Aside from finding work for skilled laborers, we also focus on helping unskilled labor find
employment options that help them take charge of their job search.

Unskilled labor can still pay well, but the pay scale isn't as high as that of skilled laborers.
Mixed-Labor

Most businesses must employ a mixed-labor approach, where skilled labor can work on areas of
specific expertise, and unskilled labor can keep the business going on a day-to-day basis. A
successful company values both their skilled and unskilled labor, and considers finding the right
fit in any job a key part of that success.

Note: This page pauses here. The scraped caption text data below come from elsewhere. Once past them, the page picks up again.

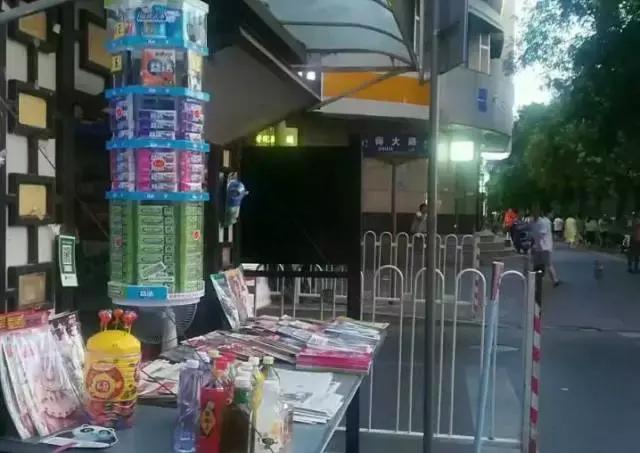 黑撒乐队reaction马东,黑撒乐队最好听的陕西方言歌曲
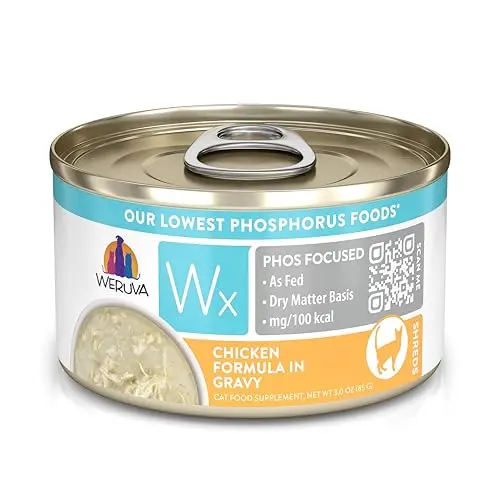 Weruva Wx Phos Focused Natural Wet Cat Food cans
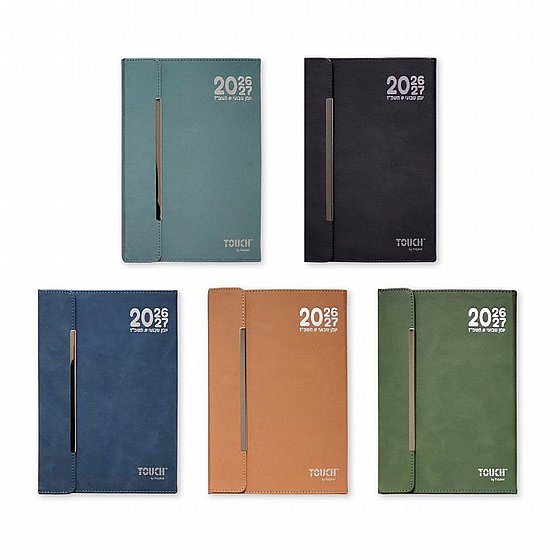 ��� ���� ����� ����� 17x24 ���� PU 2026-27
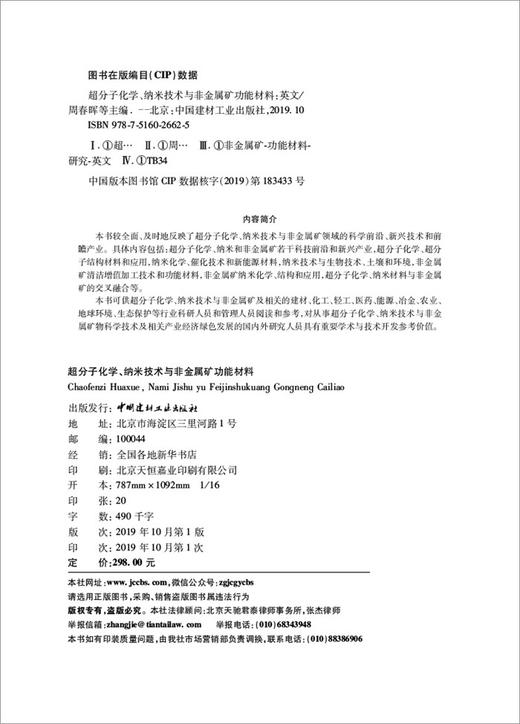 超分子化学、纳米技术与非金属矿功能材料7-5160-2662-5 商品图3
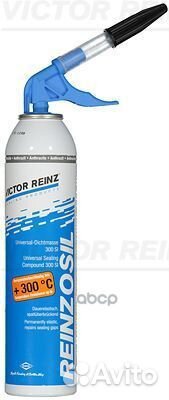 Герметик 200мл - силиконовый reinzosil, моторный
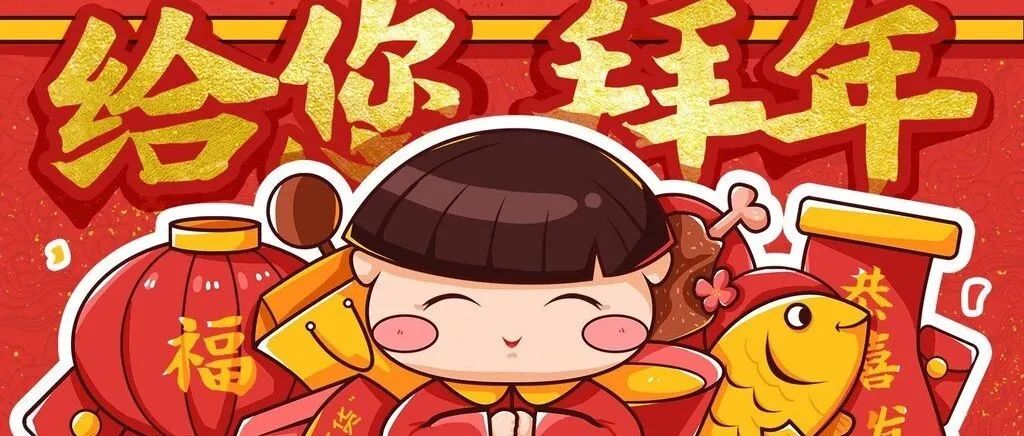 春节如何给导师拜年？祝福语已经替你找好啦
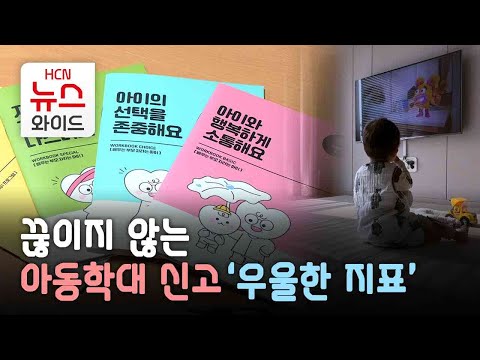 끊이지 않는 아동학대 신고 '우울한 지표'/HCN부산방송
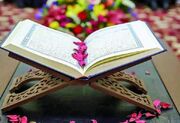 آغاز ثبت‌نام بیستمین آزمون سراسری قرآن و عترت در استان مرکزی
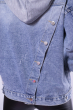 Джинсовая куртка 172P6600 голубой / серый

Skilled Labor Vs. Unskilled Labor

Unskilled labor, when measured by educational attainment, refers to jobs that require a high
school diploma only, or could be filled by a high school dropout who masters specific skills.
Skilled labor requires additional skills or education. While the demand for unskilled labor has
decreased, the labor pool has also significantly decreased. Unskilled laborers are dropping out of
the job market or increasing their skill level.

Tip
Unskilled labor, when measured by educational attainment, refers to jobs that require a high
school diploma only, or could be filled by a high school dropout who masters specific skills.
Skilled labor requires additional skills or education.

Types of Skilled Labor


Skilled labor refers to labor that requires workers who have specialized training or a learned
skill-set to perform the work. These workers can be either blue-collar or white-collar workers,
with varied levels of training or education. Very highly skilled workers may fall under the
category of professionals, rather than skilled labor, such as doctors and lawyers.

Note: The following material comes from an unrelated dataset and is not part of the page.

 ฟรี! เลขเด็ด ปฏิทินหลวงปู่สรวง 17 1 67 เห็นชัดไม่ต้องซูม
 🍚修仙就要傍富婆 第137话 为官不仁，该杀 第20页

Examples of skilled labor occupations are: electricians, law enforcement officers, computer
operators, financial technicians, and administrative assistants. Some skilled labor jobs have
become so specialized that there are worker shortages.

Types of Unskilled Labor

Unskilled labor does not require workers to have special training or skills. The jobs that require
unskilled labor are continually shrinking due to technological and societal advances. Jobs that
previously required little or no training now require training. For example, labor that was once
done manually now may be assisted by computers or other technology, requiring the worker to
have technological skills.

Examples of remaining unskilled labor occupations generally include farm laborers, grocery
clerks, hotel maids, and general cleaners and sweepers. While these jobs are considered
unskilled, each requires a degree of skill on the job. Farm laborers must operate precise
machinery. Maids have a specific set of tasks to perform and inventory management
responsibility while grocery clerks must manage money and learn how to stock shelves properly

Historical Context of Skill Requirements

Historically, unskilled workers had plentiful employment opportunities in America. From


farming to factory jobs, unskilled laborers were able to find work, even if this meant
transitioning from a farming community to factories in the cities. Unskilled laborers earned less
money than skilled laborers, but during the 1980s and 1990s the wage gap between skilled and
non-skilled laborers began to grow.

Today the job market demands increasing skill levels. Many jobs that were once considered
unskilled labor now demand semi- or mid-skill labor.

Semi- or Mid-Skill Labor

Semi- or mid-skill labor addresses the increase in demand for skills, even for less complex jobs.
These jobs require some skill because they are more complex than those that can be performed
by a non-skilled laborer. However, they do not require highly specialized skills.

Examples of mid-skill jobs include truck drivers, typists and customer service representatives.
These jobs generally require more than a high-school diploma, but less than a college degree.